老後生活に不安がある人は全体は78%・20代〜50代は85%以上が心配している

この調査によると、老後生活に不安があると回答した人は全体の78パーセントでした。

下記は2009年からの、老後の生活への心配についての回答数のグラフです。

2009年度からのおよそ10年間で老後生活の不安が解消されている人がほとんどいないことがわかります。

回答者全体では78パーセントといましたが、20代〜50代の老後前の世代に限定してみると、約85パーセント以上の人が、老後に対して不安であると回答しています。

世帯主の年齢心配である回答率
20歳代88.1%
30歳代85.7%
40歳代87.3%
50歳代84.1%

生活設計を立てている世帯は37.4%程度…62%は生活設計を立てていない

老後の生活に不安があると回答している人が多いにもかかわらず、老後の生活設計を立てている人は、全体の3分の1程度です。

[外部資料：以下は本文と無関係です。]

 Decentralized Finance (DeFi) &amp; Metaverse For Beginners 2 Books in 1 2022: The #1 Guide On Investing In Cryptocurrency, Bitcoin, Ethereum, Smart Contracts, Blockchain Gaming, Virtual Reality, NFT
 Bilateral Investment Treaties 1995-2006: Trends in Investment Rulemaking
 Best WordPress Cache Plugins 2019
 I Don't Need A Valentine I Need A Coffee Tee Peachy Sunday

老後が不安だと答えた人が79パーセントいるにもかかわらず、生活設計をして老後に備えている人はわずか37.4パーセントしかいません。

残りの62パーセントは生活設計を立てて老後に対する準備をしていないのです。

下記には、生活設計があるかどうかの回答を2009年からグラフで表しています。2009年から2018年の間で生活設計を立てる人は全く増えていません。

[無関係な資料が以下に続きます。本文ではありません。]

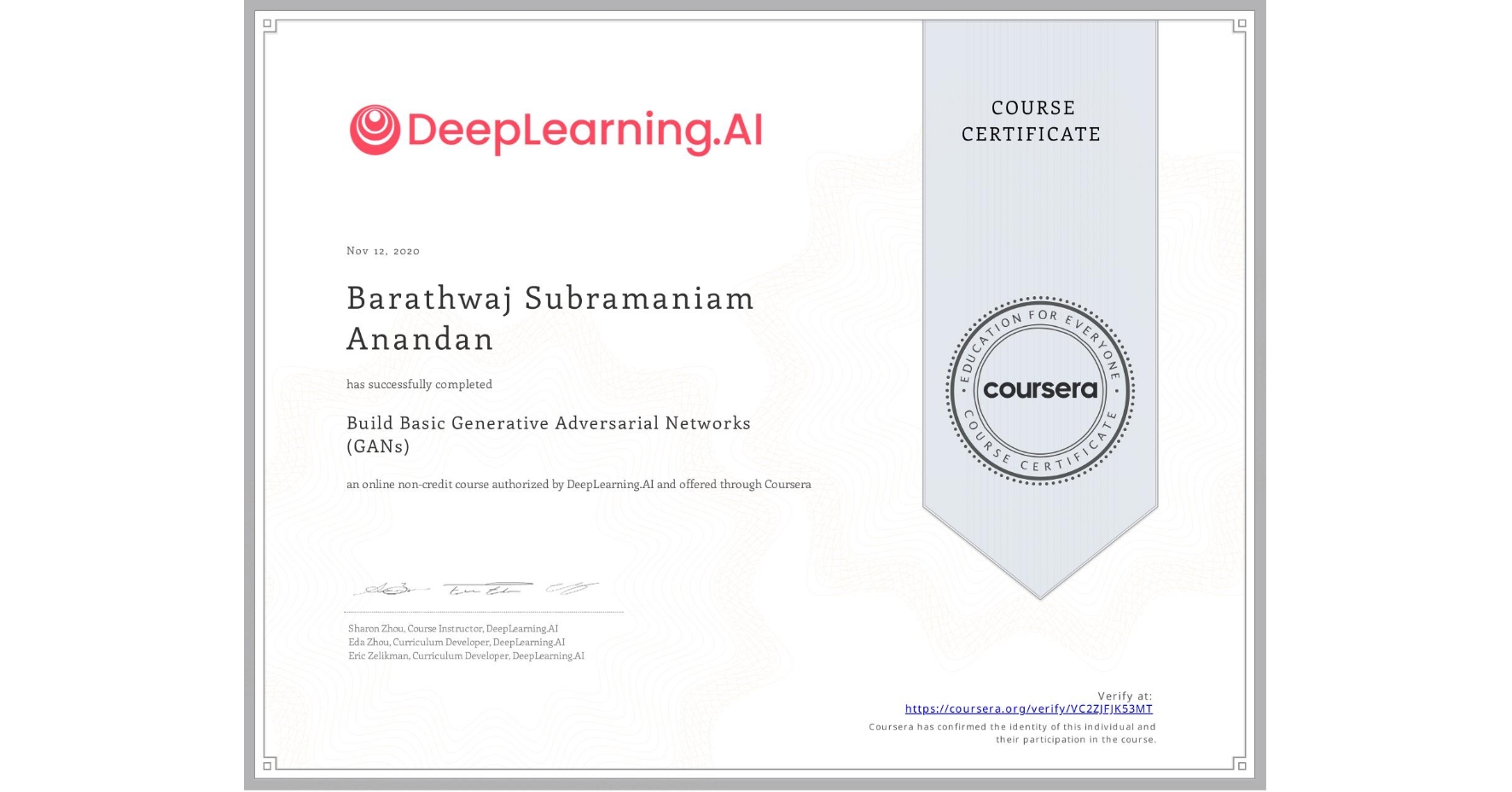View certificate for Barathwaj Subramaniam Anandan, Build Basic Generative Adversarial Networks (GANs), an online non-credit course authorized by DeepLearning.AI and offered through Coursera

むしろ「生活設計を今後立てる必要がない」と回答した人が3%も増えちゃっています。

つみたてNISAの始まりやiDeCo制度が整備されたりと、政府としては個人に将来の生活設計を任せる方向に進んでいますが、生活設計を立てることについての意識は高まっていないのが実情です。

老後の貯金はどのくらい?

それでは実際に老後の貯金がどの程度貯めているんでしょうか。金融資産を持っている世帯だけに限定した数字と、持っていない世帯も含む数字でそれぞれみていきましょう。

金融資産保有の50代以降の平均貯金額と中央値は?

金融資産を持っている50代以降の、平均貯蓄額と中央値は下記の通りです。

平均額中央値
50代1,828万円1,186万円
60代2,415万円1,500万円
70代2,565万円1,500万円

平均すると2,000万円程度は貯めているということでしょう。中央値で考えても1,500万円以上はが貯めている人が多いです。

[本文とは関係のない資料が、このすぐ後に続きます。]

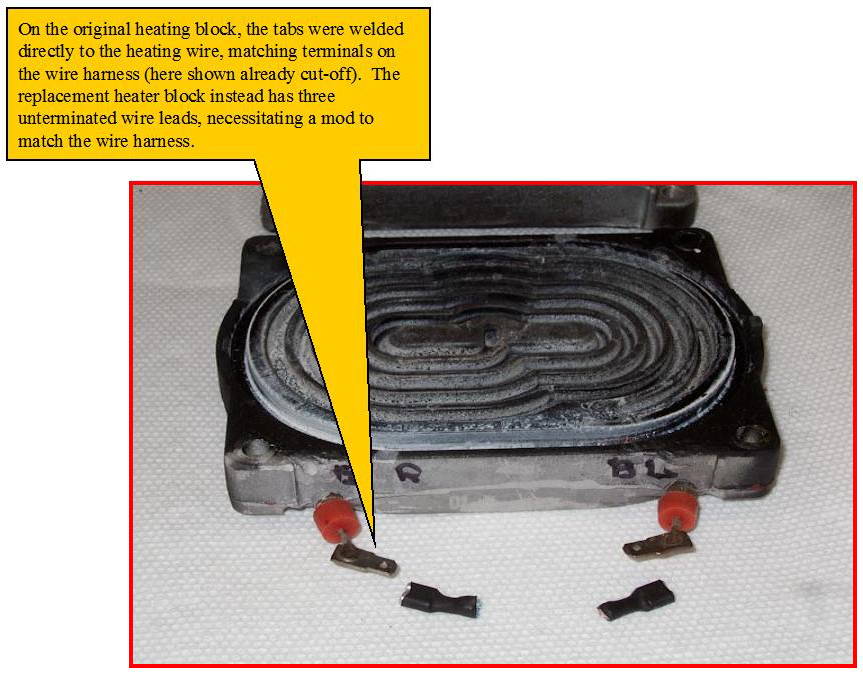 The original heating block has quick disconnect tabs welded on.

金融資産を持っている人々は、退職金でいただいた分を、投資信託や保険などにして運用しているケースもあります。そのため総じて金融資産を持っている人は、退職金を持てる人と考えることができるでしょう。

金融資産保有なしも含む50代以降の平均貯金額と中央値は?

先ほどは金融資産を持ってる人に限定した数字でしたが、今度は金融資産を持っていない人も含めた平均値と中央値をみてみましょう。

平均額中央値
50代1,481万円900万円
60代1,849万円1,000万円
70代1,780万円700万円

やはり金融資産を持っている人だけに比べると全体的に近くなる印象があります、特に中央値でみてみると、金融資産を持っている人と持っていない層も含んだ数字では、約2倍程度差が生まれています。

金融資産を持っていない人たちの平均貯蓄額と中央値は公表されていませんでしたが、2倍もの差が開く分だけ低い可能性があることが予想できます。

老後の備えや、全体の貯蓄額ははどんな感じなの?

全体の貯金額は平均1,151万円・中央値は450万円

ちなみに、50代と区分けせず、20代から70代以降の全体の貯金額の平均は1,151万円であり、中央値は450万円でした。

この数字を高いと見るか低いと見るかは、それぞれの生活習慣によるかと思いますが、いずれにせよ貯めている人は貯めているし、投資投資している人は投資をしているというのが印象的でした。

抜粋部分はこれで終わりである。